NCC looks for old mysql IP after upgrade to innodb charm

Bug #1892904 reported by Michael Quiniola
8
This bug affects 1 person
Affects Status Importance Assigned to Milestone
OpenStack Nova Cloud Controller Charm
Fix Released
High
Unassigned

Bug Description

After upgrading from percona charm to mysql-innodb-cluster following the guide found at https://docs.openstack.org/project-deploy-guide/charm-deployment-guide/latest/app-series-upgrade-specific-procedures.html#percona-cluster-charm-series-upgrade-to-focal, N-C-C has been looking for the old mysql IP address.

At first the upgrade worked fine and using the openstack CLI client worked. But, accessing via horizon I would get errors in the nova-api log:

Can't connect to MySQL server on '10.0.3.116' ([Errno 113] EHOSTUNREACH)

I couldn't find ANYWHERE this IP address was defined in any charm. The old sql server was removed and the charm was removed from the model.

I completely removed Nova Cloud Controller and redeployed the charm. It STILL is looking for the old IP address, but now its ALSO affecting the rest of the charm:

2020-08-25 18:04:24 ERROR juju-log shared-db:316: db sync failed
b'ERROR: Could not access cell0.\nHas the nova_api database been created?\nHas the nova_cell0 database been created?\nHas "nova-manage api_db sync" been run?\nHas "nova-manage cell_v2 map_cell0" been run?\nIs [api_database]/connection set in nova.conf?\nIs the cell0 database connection URL correct?\nError: (pymysql.err.OperationalError) (2003, "Can\'t connect to MySQL server on \'10.0.3.116\' ([Errno 113] EHOSTUNREACH)")\n(Background on this error at: http://sqlalche.me/e/e3q8)\n'

I looked through all the config files and can't find ANYWHERE this IP address is still defined.

nova-cloud-controller 21.0.0 nova-cloud-controller 346

description: updated
description: updated
Revision history for this message
Corey Bryant (corey.bryant) wrote :

Hi Michael,

Thank you for reporting this.

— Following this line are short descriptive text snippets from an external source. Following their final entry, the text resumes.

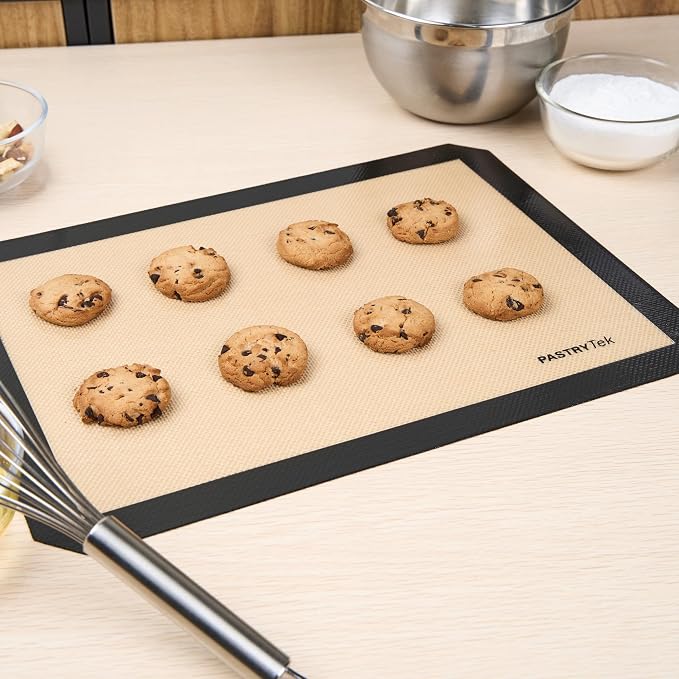 Restaurantware Non-Stick Baking Mat - 1 Count 11.8 x 15.7 Inches Silicone Baking Sheet Liner Heat-Resistant Reusable Pastry Mat Durable Non-Slip Black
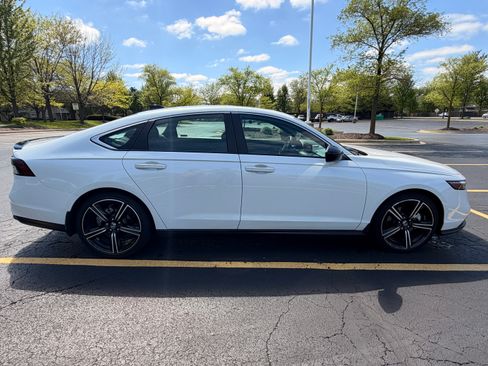 Used 2024 Honda Accord Sport image 5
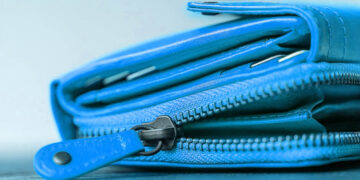 Ανθρωπιά στην Πτολεμαΐδα: Βρέθηκε πορτοφόλι που περιείχε τα λεφτά από κάλαντα παιδιών!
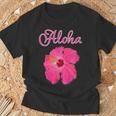 ハイビスカス Aloha アロハ《赤》（ハワイ・南国・フラダンス）夏【ビューティフル フラワー】キュート デザイン Tシャツ 高齢者への贈り物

You mentioned "At first the upgrade worked fine and using the openstack CLI client worked." Can you expand on that a bit and what may have gone on in between when things were working and then not working?

Thank you,
Corey

Revision history for this message
Michael Quiniola (qthepirate) wrote :

Corey,

I can use the CLI client and interact with all services in openstack without issue.

But, I could not access anything via the horizon dashboard. I traced the issue in the logs back to
errors in Nova-Cloud-Controller, which the only error showed up in the nova-api log, and that error was the same error as above: It is trying to talk to a missing SQL server.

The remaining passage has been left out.